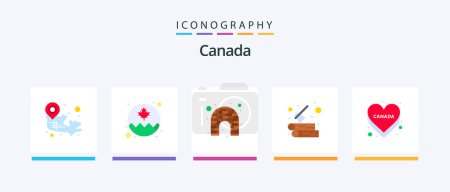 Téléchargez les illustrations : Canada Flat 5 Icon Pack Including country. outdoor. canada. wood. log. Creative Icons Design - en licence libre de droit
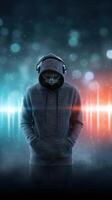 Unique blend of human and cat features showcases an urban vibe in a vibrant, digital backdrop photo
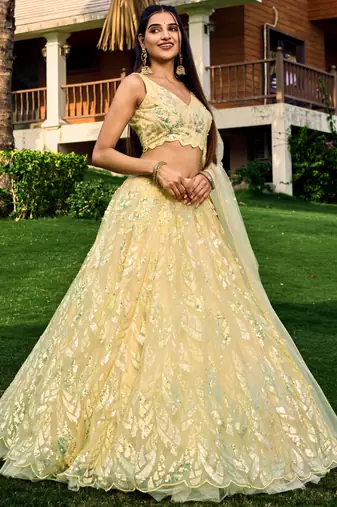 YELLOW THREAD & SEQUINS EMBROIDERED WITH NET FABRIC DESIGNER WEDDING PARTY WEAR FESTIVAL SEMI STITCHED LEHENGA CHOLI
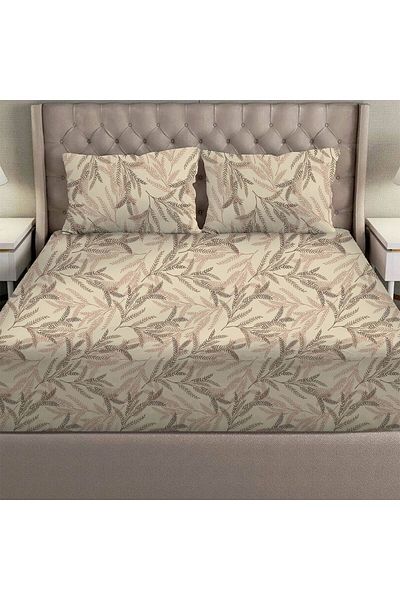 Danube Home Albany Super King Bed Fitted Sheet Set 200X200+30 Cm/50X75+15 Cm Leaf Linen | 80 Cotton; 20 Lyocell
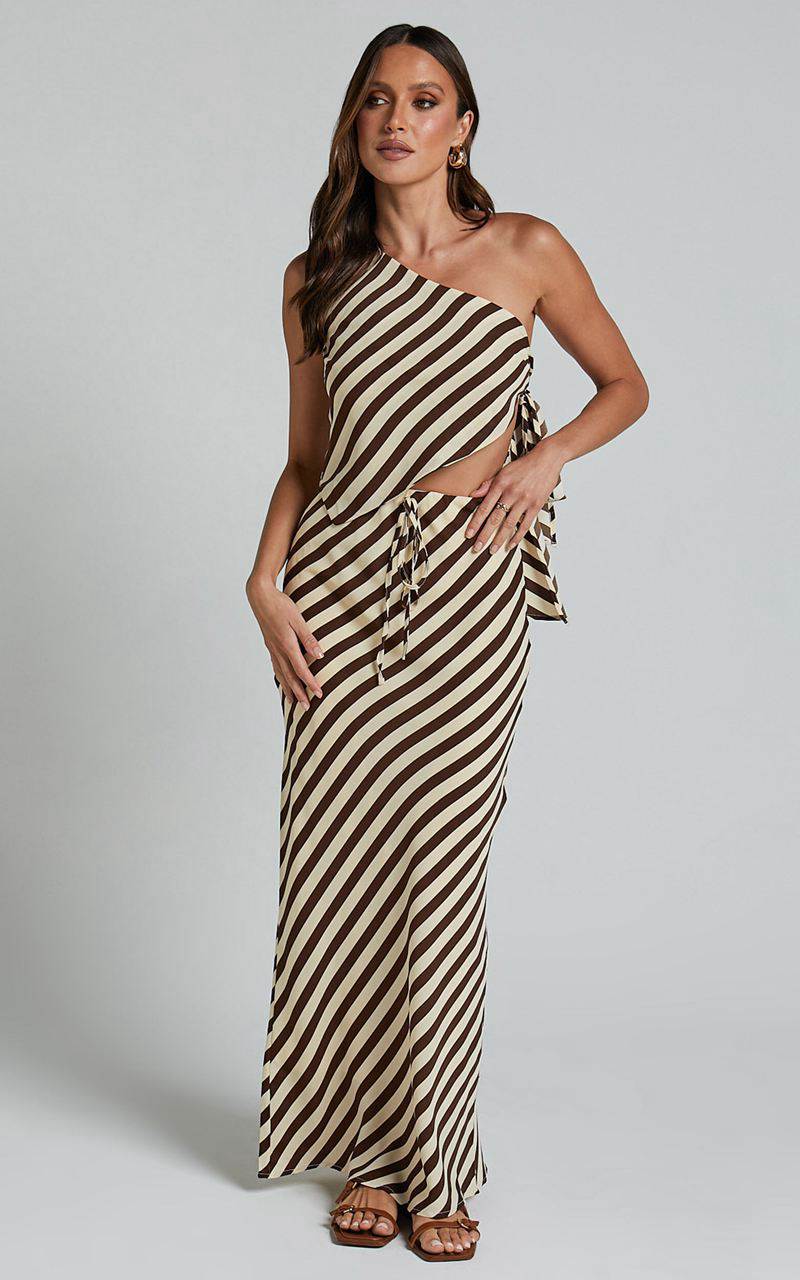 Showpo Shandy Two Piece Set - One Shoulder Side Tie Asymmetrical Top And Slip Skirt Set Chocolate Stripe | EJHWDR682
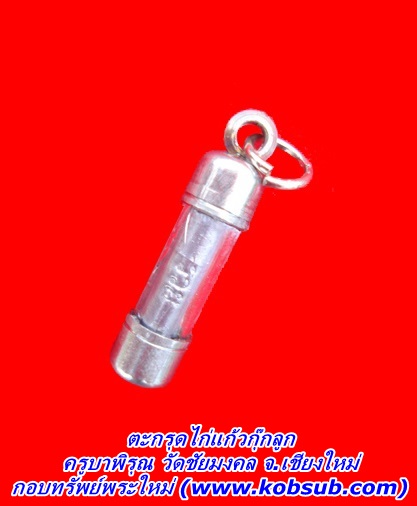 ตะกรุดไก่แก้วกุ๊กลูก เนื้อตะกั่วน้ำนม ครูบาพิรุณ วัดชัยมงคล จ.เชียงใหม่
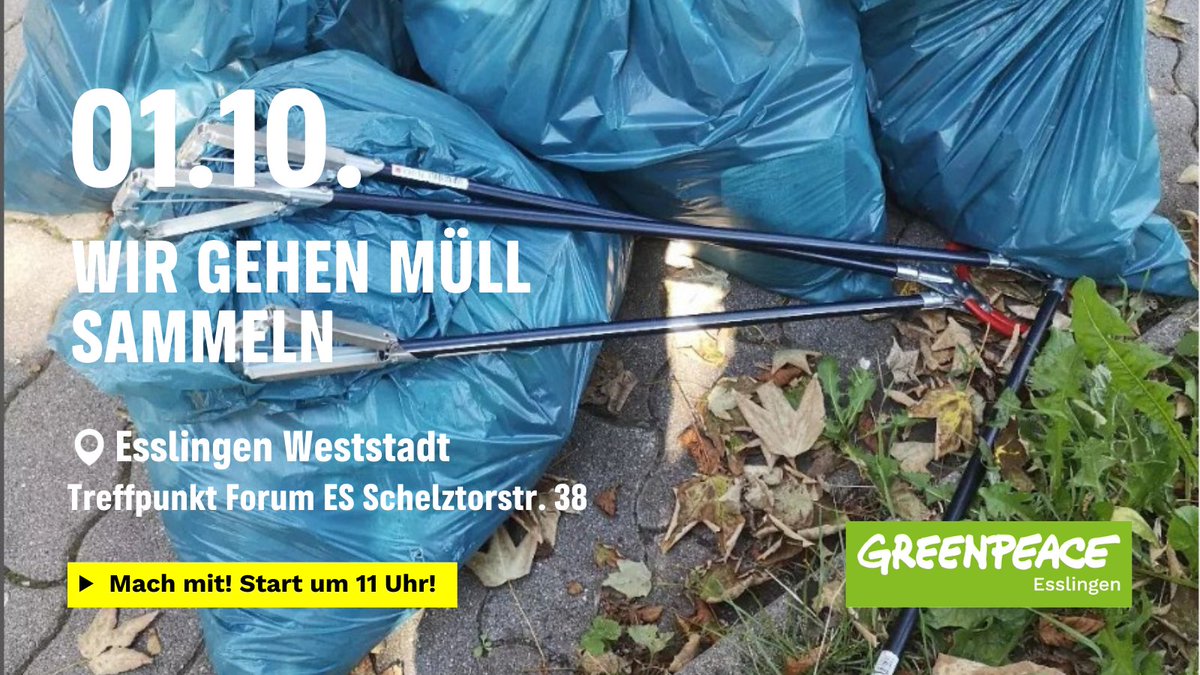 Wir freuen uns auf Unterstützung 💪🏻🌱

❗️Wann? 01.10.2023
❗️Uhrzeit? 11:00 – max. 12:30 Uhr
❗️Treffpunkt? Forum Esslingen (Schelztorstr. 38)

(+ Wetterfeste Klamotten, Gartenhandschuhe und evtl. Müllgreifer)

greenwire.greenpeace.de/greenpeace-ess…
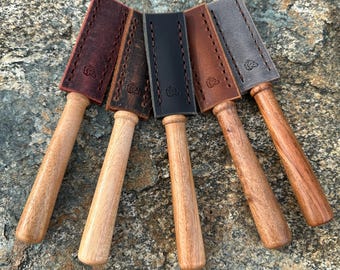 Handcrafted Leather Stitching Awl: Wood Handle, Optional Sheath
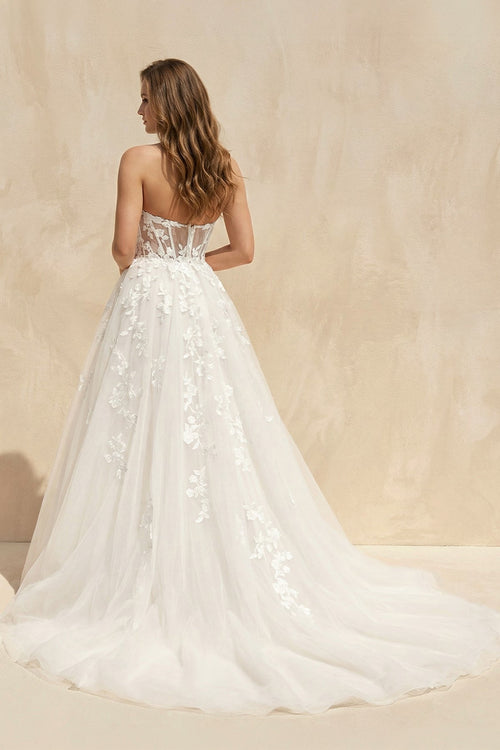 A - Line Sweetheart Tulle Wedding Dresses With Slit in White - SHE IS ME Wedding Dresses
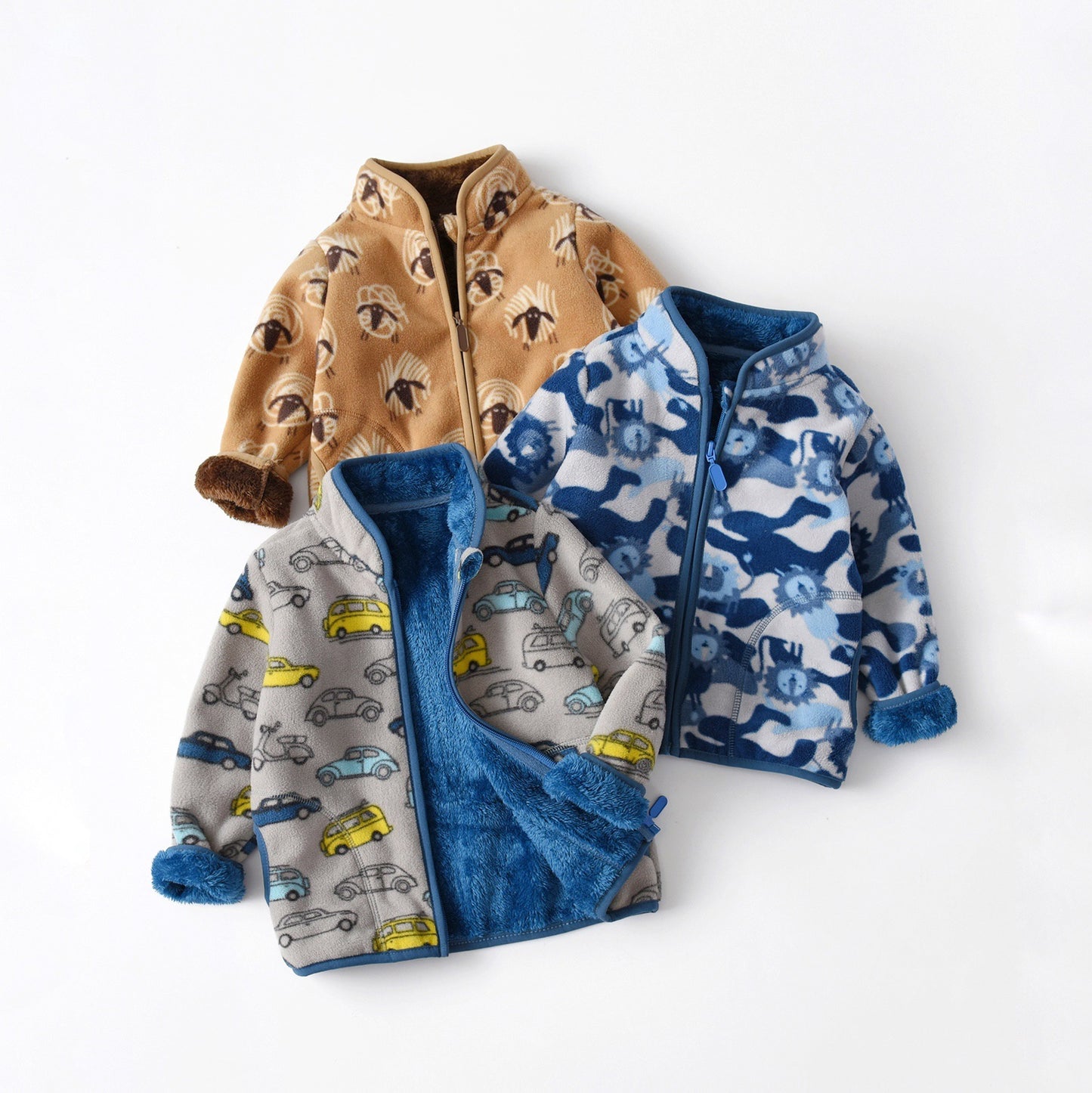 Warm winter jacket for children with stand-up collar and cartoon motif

§

**What this task involves**
Write out exactly the lines that run from the top of the listing above to the line containing "YELLOW THREAD &", both ends included. Omit every picture.

**Output of the exercise**
 Téléchargez les illustrations : Canada Flat 5 Icon Pack Including country. outdoor. canada. wood. log. Creative Icons Design - en licence libre de droit
 Unique blend of human and cat features showcases an urban vibe in a vibrant, digital backdrop photo
 YELLOW THREAD & SEQUINS EMBROIDERED WITH NET FABRIC DESIGNER WEDDING PARTY WEAR FESTIVAL SEMI STITCHED LEHENGA CHOLI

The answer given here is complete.